While he was working on the Manhattan Project in Los Alamos (great firsthand account here), he got curious about the locks that the filing cabinets were "protected" by. He figured out how to get 90% of the way to a cracked code fairly easily. While engaging in casual conversations over the course of weeks, he'd be sneakily testing combinations on people's cabinets (appearing as though he were absentmindedly fidgeting!), memorizing sequences, etc. He became widely known as the guy to go to if you needed to pick More than once, his operation got the team out of a jam when someone was out on leave and the team needed access to their files.

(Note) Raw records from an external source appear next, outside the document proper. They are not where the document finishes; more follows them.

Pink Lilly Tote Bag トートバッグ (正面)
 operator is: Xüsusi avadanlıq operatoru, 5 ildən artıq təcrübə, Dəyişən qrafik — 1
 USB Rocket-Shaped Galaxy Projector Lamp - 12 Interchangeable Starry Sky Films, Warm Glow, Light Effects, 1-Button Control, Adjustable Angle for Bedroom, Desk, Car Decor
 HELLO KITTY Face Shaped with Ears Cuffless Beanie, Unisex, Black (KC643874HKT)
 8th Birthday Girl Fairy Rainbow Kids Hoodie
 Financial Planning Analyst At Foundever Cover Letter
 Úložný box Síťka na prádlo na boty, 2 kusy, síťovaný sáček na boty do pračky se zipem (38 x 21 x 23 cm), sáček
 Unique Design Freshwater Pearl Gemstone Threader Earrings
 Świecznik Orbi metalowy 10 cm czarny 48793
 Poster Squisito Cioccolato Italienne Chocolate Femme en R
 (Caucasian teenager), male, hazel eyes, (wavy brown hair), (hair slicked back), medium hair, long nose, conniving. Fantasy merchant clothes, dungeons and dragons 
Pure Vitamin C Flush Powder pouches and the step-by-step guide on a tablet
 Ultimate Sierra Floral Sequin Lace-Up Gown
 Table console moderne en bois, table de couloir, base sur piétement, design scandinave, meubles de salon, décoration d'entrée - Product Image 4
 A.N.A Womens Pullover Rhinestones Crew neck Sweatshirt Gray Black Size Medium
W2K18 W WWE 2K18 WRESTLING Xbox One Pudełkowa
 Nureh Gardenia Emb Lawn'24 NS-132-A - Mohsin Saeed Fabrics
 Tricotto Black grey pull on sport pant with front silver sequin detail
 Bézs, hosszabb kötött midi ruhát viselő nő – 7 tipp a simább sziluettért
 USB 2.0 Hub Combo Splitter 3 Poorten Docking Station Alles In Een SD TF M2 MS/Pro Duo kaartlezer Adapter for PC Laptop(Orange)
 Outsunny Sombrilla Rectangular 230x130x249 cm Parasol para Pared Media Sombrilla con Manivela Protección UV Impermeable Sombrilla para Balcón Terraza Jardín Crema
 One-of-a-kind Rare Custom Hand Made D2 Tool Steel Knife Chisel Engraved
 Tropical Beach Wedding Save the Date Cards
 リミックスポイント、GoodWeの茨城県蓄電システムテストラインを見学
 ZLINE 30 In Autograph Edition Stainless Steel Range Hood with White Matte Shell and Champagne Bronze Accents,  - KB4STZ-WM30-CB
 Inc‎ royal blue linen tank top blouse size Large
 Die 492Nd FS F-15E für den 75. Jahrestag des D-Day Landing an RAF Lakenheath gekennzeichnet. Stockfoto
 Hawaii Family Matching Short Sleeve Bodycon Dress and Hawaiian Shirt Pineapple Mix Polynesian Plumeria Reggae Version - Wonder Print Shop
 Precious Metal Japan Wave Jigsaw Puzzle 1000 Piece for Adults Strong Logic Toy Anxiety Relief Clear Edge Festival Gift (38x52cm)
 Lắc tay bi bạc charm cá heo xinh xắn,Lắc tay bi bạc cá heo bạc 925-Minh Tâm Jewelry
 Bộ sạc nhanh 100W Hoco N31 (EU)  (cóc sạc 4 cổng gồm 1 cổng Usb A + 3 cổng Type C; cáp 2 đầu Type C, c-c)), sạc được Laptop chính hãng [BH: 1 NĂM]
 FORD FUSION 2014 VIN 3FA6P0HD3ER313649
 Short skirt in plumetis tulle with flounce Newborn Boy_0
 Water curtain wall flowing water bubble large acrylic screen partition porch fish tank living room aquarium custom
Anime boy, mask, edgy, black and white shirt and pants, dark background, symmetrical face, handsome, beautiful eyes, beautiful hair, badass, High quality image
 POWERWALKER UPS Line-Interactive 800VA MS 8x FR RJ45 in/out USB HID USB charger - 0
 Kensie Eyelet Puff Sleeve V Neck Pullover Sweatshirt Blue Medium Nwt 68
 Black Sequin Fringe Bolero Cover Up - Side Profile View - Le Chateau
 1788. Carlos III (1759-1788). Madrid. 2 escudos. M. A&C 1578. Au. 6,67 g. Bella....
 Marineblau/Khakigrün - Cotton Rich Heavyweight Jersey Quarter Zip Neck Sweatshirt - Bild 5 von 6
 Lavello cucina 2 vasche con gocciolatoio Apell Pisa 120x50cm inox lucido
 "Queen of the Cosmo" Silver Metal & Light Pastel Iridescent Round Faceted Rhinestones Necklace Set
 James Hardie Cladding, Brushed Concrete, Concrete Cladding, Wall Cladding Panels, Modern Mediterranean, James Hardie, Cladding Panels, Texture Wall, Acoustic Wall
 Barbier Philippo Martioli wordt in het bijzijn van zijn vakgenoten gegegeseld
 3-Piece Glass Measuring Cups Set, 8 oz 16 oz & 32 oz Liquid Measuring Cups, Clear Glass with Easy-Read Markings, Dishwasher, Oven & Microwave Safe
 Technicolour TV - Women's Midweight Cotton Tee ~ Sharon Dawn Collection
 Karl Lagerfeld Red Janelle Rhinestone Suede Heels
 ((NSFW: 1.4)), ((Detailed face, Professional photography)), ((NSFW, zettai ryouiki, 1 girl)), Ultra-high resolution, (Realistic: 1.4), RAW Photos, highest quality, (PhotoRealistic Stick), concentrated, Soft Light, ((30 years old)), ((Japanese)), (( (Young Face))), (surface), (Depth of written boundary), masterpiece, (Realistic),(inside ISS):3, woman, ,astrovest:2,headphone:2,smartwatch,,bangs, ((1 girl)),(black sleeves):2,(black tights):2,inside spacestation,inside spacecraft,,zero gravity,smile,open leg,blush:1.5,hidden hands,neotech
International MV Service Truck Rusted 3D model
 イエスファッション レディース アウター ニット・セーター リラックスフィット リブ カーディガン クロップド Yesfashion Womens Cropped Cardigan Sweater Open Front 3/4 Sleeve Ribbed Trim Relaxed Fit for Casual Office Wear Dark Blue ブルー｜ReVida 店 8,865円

Perhaps my favorite: while sitting in a waiting room, he was leafing through a copy of Science magazine, where he read an article about bloodhounds' sense of smell. Wondering whether he could replicate some feats himself, he spent an afternoon seeing if he could sniff out books his wife randomly picked off the library shelves and replaced (spoiler: he could). He even turned it into a party trick where he had a group of scientists convinced that he had a mole giving him clues as to which books they picked out while he was out of the room.

We might wonder about things; but how often do we go to the trouble to do something about it? To test new knowledge out, explore its limits. It doesn't seem very efficient, but then again, is efficiency the primary goal when we're exploring? I think that's the thesis of Steven Johnson's Wonderland... (anyone read it?)